Working with international partners, the University of Saskatchewan (USask) has been awarded a $2.5-million Partnership Grant from the Social Sciences and Humanities Research Council of Canada (SSHRC) to increase climate change education, training and public awareness on a global scale.
The six-year Monitoring and Evaluating Climate Communication and Education (MECCE) partnership, led by USask College of Education professor Dr. Marcia McKenzie (PhD), is comprised of more than 80 prominent scholars and agencies in climate change and education. This includes the Intergovernmental Panel on Climate Change, the United Nations Framework Convention on Climate Change (UNFCCC), the United Nations Educational, Scientific and Cultural Organization (UNESCO), and Environment and Climate Change Canada. Universities in the United Kingdom, Australia, South Africa and Germany are key partners.
“Education plays a critical role in fostering the kinds of changes in lifestyles, attitudes and behaviours needed to create a sustainable world,” said USask Vice-President of Research Karen Chad.

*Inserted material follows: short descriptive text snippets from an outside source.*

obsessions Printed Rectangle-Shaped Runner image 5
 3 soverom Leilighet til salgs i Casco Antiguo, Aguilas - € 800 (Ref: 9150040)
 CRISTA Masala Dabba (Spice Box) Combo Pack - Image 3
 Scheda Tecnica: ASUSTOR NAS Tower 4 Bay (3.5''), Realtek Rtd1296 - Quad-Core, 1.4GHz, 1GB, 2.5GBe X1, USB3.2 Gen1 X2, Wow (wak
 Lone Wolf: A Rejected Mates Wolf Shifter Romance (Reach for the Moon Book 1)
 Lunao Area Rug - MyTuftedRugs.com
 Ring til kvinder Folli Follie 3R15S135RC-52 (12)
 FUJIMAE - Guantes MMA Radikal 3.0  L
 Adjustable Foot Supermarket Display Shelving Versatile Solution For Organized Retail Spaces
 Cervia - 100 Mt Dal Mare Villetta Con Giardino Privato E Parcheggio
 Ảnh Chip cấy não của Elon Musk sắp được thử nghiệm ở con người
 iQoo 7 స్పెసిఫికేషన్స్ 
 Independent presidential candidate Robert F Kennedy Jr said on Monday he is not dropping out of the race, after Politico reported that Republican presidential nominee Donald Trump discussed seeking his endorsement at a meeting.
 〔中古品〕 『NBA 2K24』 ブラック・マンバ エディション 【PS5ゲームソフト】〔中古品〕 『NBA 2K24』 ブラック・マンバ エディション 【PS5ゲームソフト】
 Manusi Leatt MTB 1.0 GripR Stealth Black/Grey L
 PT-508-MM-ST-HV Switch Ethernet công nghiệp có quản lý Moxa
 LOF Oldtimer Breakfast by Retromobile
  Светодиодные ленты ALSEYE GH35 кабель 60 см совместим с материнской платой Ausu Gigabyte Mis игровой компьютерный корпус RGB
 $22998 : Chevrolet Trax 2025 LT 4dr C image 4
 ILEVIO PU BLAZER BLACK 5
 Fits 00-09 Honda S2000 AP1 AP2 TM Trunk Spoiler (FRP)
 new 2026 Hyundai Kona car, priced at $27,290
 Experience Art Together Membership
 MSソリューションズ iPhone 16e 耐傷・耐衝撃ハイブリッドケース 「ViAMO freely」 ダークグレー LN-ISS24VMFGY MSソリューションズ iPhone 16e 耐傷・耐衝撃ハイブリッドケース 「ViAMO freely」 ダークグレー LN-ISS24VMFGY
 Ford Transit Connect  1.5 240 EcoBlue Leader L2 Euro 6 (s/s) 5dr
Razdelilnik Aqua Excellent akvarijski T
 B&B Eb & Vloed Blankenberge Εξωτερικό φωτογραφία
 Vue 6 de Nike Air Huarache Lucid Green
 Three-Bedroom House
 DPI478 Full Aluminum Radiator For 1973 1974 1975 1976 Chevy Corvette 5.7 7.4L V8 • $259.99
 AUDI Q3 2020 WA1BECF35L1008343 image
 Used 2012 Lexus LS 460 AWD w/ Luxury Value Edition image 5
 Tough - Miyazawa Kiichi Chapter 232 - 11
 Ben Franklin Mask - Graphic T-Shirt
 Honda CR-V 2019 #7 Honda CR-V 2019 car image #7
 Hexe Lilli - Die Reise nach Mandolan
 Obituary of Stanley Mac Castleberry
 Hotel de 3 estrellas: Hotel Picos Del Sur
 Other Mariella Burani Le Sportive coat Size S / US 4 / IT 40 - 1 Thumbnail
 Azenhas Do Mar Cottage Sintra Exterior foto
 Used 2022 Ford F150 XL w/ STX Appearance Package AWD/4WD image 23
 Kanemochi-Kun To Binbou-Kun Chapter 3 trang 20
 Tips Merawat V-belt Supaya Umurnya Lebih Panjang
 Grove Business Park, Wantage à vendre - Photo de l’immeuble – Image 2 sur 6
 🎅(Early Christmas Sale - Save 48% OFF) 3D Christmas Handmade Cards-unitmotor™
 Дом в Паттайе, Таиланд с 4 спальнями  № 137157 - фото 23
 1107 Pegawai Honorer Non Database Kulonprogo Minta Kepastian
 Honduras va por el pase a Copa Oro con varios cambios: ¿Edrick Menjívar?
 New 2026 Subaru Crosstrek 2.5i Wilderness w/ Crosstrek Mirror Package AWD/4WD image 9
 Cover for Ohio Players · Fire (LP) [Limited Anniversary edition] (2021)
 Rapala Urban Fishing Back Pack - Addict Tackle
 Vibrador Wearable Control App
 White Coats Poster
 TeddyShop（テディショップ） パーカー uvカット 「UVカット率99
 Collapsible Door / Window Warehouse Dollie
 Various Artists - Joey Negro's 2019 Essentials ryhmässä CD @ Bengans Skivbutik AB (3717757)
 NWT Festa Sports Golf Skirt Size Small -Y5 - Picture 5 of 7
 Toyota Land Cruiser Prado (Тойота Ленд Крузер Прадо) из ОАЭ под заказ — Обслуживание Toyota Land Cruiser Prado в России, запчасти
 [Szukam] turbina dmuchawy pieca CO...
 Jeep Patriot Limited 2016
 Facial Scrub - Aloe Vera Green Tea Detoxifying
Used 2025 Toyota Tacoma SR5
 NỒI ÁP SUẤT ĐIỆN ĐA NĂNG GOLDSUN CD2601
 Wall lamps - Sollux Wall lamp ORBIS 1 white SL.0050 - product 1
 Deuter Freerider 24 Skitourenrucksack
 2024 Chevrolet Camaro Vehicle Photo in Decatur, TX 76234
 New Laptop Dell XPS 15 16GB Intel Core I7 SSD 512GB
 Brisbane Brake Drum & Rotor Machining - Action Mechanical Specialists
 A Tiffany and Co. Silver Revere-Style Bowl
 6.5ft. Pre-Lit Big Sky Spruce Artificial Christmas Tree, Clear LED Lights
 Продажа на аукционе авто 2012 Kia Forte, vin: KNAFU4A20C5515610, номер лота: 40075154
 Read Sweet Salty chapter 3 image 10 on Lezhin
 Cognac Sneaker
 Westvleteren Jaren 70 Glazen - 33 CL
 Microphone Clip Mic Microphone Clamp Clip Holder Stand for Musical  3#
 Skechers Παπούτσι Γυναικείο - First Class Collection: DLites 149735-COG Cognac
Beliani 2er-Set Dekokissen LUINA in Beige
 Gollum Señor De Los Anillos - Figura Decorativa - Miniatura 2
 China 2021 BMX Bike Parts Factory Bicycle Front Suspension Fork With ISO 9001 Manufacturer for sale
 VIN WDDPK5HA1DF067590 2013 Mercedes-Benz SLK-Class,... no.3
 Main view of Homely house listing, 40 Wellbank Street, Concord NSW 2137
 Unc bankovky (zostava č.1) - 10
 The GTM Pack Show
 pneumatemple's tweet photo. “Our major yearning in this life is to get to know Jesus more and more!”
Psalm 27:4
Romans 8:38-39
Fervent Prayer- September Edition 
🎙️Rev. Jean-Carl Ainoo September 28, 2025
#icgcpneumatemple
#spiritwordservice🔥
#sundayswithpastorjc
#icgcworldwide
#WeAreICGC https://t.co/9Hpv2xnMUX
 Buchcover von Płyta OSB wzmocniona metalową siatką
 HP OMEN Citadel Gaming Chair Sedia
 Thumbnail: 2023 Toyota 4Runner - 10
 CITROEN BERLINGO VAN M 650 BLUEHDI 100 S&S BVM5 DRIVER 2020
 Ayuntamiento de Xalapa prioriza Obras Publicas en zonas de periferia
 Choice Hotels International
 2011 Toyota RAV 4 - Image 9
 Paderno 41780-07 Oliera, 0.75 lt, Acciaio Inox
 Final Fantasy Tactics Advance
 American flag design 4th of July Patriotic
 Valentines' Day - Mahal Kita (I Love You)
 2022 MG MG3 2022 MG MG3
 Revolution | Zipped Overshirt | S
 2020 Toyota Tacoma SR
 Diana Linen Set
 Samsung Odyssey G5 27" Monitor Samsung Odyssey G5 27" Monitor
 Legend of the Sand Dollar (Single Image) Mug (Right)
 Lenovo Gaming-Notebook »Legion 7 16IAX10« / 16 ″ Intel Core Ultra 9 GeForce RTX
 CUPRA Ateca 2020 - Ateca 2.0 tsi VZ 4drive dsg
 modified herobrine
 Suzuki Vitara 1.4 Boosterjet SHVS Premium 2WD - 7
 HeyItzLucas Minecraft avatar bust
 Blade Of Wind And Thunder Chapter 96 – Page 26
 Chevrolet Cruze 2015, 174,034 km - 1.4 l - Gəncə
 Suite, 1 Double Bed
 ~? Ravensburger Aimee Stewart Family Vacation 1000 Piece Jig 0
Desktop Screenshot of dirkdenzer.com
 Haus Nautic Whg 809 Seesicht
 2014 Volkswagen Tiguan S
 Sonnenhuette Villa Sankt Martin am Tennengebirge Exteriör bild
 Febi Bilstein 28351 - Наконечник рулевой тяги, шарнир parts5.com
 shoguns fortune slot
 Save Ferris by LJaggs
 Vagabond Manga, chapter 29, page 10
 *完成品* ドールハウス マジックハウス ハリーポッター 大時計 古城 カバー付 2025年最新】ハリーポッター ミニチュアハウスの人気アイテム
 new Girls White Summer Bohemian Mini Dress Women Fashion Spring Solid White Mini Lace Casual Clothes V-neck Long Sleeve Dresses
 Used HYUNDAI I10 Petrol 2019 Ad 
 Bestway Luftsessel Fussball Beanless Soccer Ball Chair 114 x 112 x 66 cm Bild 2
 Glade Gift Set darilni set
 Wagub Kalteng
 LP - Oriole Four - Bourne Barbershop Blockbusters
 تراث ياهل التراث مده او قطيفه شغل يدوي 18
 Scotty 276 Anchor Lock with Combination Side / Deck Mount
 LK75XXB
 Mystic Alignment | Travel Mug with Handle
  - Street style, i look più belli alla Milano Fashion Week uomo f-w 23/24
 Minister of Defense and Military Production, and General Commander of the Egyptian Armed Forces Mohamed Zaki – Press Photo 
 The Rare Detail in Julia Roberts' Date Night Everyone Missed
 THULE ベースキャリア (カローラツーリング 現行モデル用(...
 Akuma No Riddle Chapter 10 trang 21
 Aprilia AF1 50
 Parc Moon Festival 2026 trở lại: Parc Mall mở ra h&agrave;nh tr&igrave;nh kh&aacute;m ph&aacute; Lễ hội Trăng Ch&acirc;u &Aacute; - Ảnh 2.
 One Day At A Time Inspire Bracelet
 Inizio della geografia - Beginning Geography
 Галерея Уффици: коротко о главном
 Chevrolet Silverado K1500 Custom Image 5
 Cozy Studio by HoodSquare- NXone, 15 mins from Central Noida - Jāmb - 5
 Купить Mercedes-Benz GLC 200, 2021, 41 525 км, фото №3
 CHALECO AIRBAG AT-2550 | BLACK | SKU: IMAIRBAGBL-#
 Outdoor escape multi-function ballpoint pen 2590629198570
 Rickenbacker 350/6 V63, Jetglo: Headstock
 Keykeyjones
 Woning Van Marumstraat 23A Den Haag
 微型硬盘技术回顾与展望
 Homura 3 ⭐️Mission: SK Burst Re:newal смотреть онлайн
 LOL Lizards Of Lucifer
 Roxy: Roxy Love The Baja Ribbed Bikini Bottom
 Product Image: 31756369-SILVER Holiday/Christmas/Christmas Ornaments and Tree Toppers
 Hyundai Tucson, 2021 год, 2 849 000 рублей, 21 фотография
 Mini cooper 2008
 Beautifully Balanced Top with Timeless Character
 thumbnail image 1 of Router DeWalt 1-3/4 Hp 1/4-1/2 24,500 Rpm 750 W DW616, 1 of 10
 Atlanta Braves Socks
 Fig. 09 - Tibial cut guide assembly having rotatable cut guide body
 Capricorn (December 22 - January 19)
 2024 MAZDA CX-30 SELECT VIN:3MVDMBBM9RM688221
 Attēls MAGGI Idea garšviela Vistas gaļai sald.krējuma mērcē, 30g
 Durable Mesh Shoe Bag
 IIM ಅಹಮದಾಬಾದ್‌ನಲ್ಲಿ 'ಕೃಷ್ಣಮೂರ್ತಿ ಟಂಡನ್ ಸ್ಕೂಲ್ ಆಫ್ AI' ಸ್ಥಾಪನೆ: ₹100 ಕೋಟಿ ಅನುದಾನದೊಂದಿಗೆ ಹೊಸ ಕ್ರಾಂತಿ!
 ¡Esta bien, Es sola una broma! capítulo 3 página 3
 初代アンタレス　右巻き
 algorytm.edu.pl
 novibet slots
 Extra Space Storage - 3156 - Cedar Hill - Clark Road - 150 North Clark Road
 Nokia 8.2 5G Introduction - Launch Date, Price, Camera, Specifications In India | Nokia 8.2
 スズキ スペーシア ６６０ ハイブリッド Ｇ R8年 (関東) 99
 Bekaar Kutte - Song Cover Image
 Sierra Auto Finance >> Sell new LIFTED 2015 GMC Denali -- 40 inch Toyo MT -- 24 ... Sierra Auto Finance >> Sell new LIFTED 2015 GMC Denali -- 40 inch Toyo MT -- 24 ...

“Through this major federal investment and working with our many partners around the world, we will help improve climate change education policies and practices, train students and policy makers, and develop a standard set of quality education indicators for monitoring progress toward the United Nations’ Sustainable Development Goals.”
The project will get underway with 30 case studies over six continents to gain geographic and culturally diverse understandings of how climate change education and communication can help drive action on climate change across sectors.